The test item showed toxicity with an IC30 of 0.848 μg/mL and an IC50 of 1.54 μg/mL in experiment 1, and an IC30 of 5.26 μg/mL and IC50 value of 5.55 μg/ml in experiment 2.In experiment 1, a luminesce activity induction compared to the vehicle control was only observed at 1.56 μg/mL with an Imax of 1.78. Since the test item was toxic at this concentration (49.5% viability), the induction was not relevant and no EC1.5 was calculated.

The dilution series for experiment 2 was adapted to a range of 0.349 – 6.25 μg/mL (1.3-fold dilution series) due to the toxicity of the compound and the induction observed at 1.56 μg/mL. No induction of the luciferase activity >1.5-fold compared to the vehicle control was measured at any of the test concentrations in experiment 2. Therefore no EC1.5 value was calculated. The maximum luciferase activity induction (Imax) was 1.21-fold in experiment 2.
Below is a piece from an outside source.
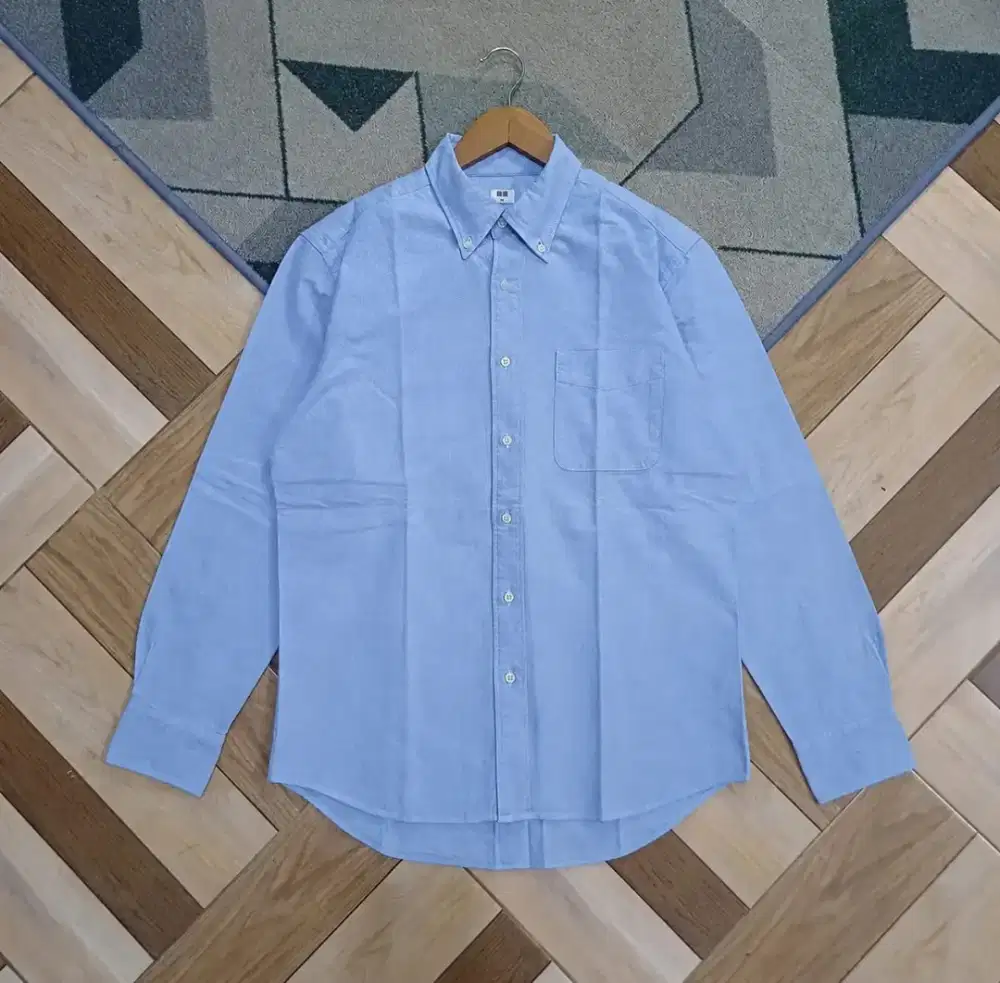 Uniqlo Kemeja lengan panjang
The test item is classified as inconclusive in the KeratinoSensTM assay since only negative results (<1.5-fold induction, no activation of the antioxidant/electrophile responsive element (ARE)-dependent pathway in keratinocytes) were observed at test concentrations with a viability of >70% and these test concentrations were <1000 μM.

Finally, it is concluded that the KeratinoSensTM assay is valid and that Nitrate amine salt of N-[3-dimethylaminopropyl]- C14-C20 amides, saturated, reaction products with ethylene oxide is classified as inconclusive under the experimental conditions described in this report.